ここで僕の意識は完全にこの二人の会話に奪われてしまった。

残り少ない牛丼の味を堪能しようとすればするほど、ボサボサ頭にパジャマ姿の女が素っ頓狂な声を上げてバットを振るジェスチャーをする光景が脳裏に何度もフラッシュバックした。 

しかもこのバカ大学生2人の暴走はここで止まらない。

 

A「あれなんだっけあの曲名…あ、そうだ!『銀の龍の背に乗って』だ」

 

もはやこの会話には何一つ正しい情報がなかった。

そして半ば予想していたものの、一縷の望みをかけてBのリアクションを待っていると、

 

B「あ~はいはい。
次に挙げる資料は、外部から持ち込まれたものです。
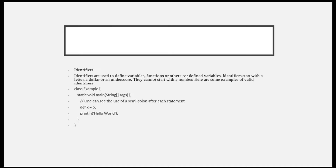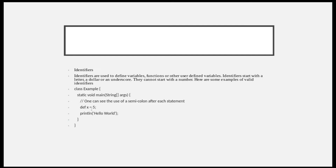Identifiers can start with a letter, dollar sign, or underscore, but they cannot start with a number. For example, 'def' is your identifier keyword. Here I have given x — so x equals 5 — passing a constant value. Functions like static void main are also defined using identifiers.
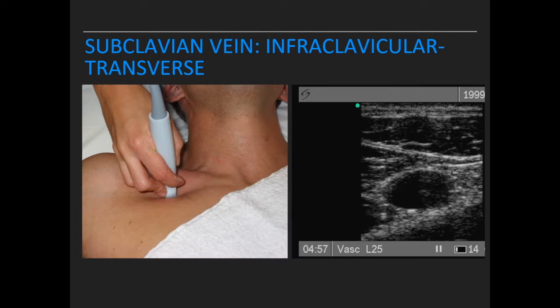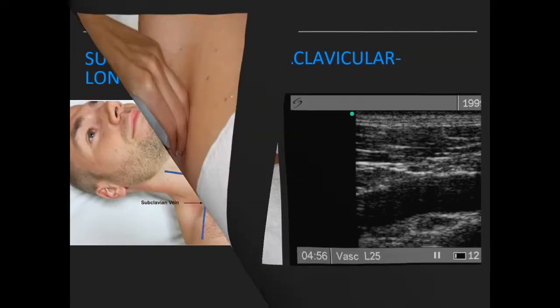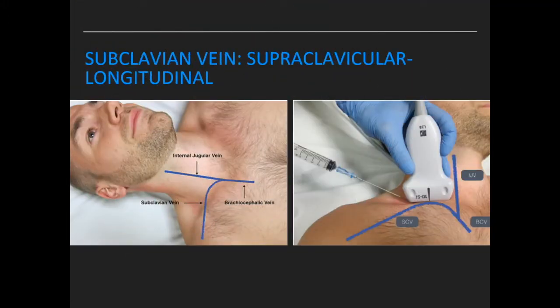The subclavian vein can be approached either infraclavicular or supraclavicular. In the infraclavicular approach, the probe is placed inferior to the clavicle at the mid-clavicular region. In the supraclavicular approach, the vessel sits just beneath the clavicle and is relatively superficial — less than one centimeter — making it easier to cannulate. However, due to its close proximity to the pleura and difficulty to compress, this vessel is less favorable.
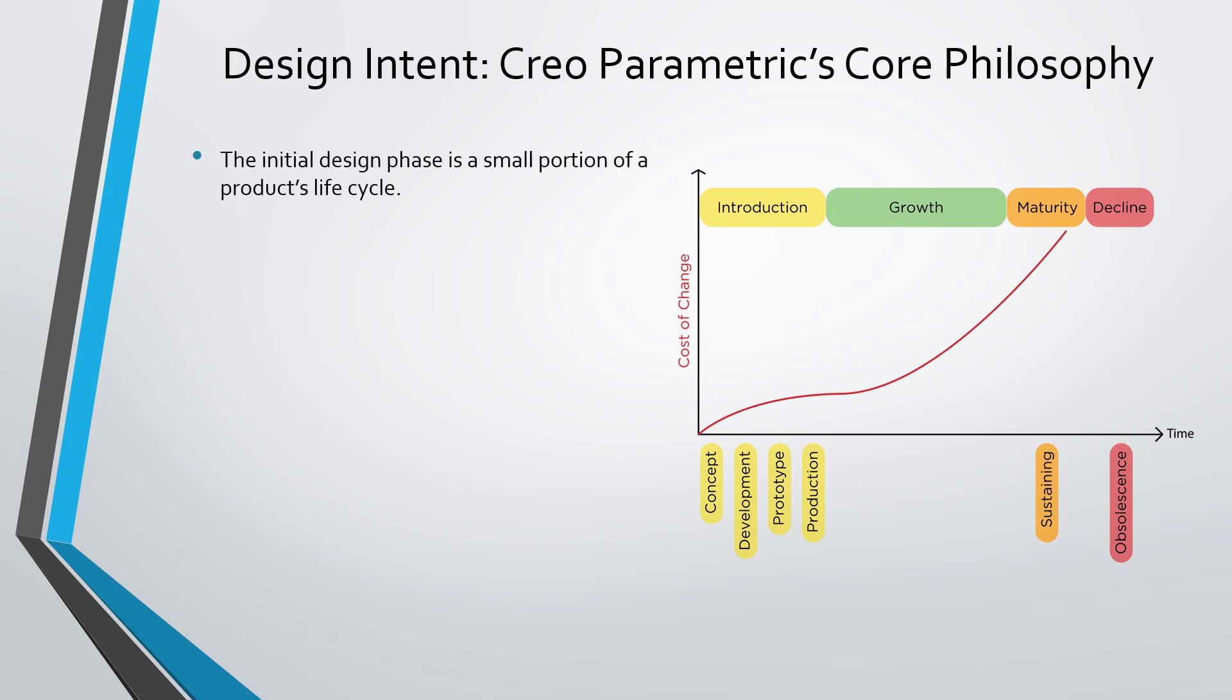The initial design phase is only a small portion of a product's lifecycle. When creating a brand new part or assembly, it might be a matter of hours, maybe a few days, maybe a few weeks. But hopefully that product will be around for a long time. It might take months to develop the entire product, and once it's released, people are using it for years. The time you're initially making that part or assembly is relatively short.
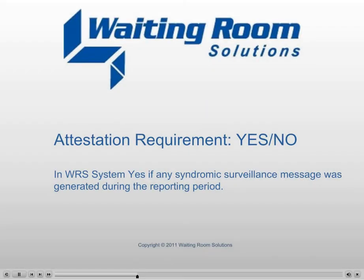Attestation Requirement: Either yes or no. In the WRS system, yes if any syndromic surveillance message was generated during the reporting period.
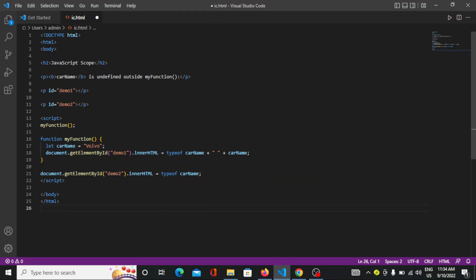So whatever things you want to create you have to write in the brackets. So after writing all the things, let carName is Volvo and document.getElementById demo1 in an HTML type of method. So that's how you can create.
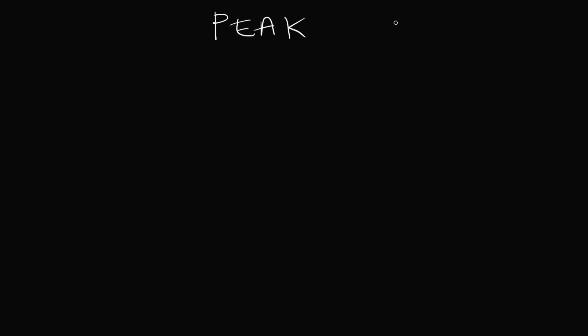So you've probably heard of these two terms: peak and RMS. The detector sidechain circuit of a compressor can function in either peak mode or RMS mode, and that determines how the detector sidechain circuit is going to react to signals going over the threshold.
あの曲ねw」

 

やはり期待したこっちがバカだった。

 

(言いたい…早く1から全てを訂正したい…)

 

過去数々のクロストークを軌道修正してきた口が考えるより先に疼き始める。

 

(いっそもう食い終わって出て行ってくれ)という願いもむなしく、2人の会話は偽りの共通理解を得たことで更に加速し、

 

A「でさ~、もうなんかほぼネタなくなったから鳥居みゆき入れたら超ガイドボーカル強くてwもう歌わないで機械にコール入れちゃったからねw鳥居みゆきにw」

 

B「マジかw」

 

(マジかはこっちだわ…)と頭を抱えながら聞こえないように呟く。

気付くと牛丼は味が分からなくなり、肉とご飯の歩幅もめちゃくちゃだった。

 

(言いたい…「君らが言ってるのって中島みゆき地上の星だよね?」って爽やかに言いたい…)

 

僕はずっと悶々としながら一度トイレに立った。

そして用を足し終え、(このあと席に戻った時、もしまだ二人があの話をしていたら、勇気を出して訂正しよう)と決意を固めて扉を開けた。

そして改めて自席に戻る途中で、あることに気付いた。

 

二人はもう帰っていた。

 

きっとあの二人は今後一生プロジェクトXのテーマソングは「銀の龍の背に乗って」であり、それを歌っているのは鳥居みゆきだと勘違いしたままの人生を歩んでいくことだろう。

 

僕はといえば、ここまで散々「軌道修正が得意です」などと自慢した挙句、大きく軌道の逸れてしまったあの二人の人生を全く救うことができなかった。

 

力なく座り、再度箸と牛丼を手に取る。

残った数口分をかき込もうと椀の中を見ると、不思議と肉とご飯の歩幅がピッタリ合っていた。

そのまま静かに食べきって席を立つ。

会計を済ませ店の外に出ると、初夏の日差しが眩しかった。

 

ふと振り返ると、ガラスに映った自分の姿がいつにもなく情けなかった。

それを見て僕は、なんとなく笑った。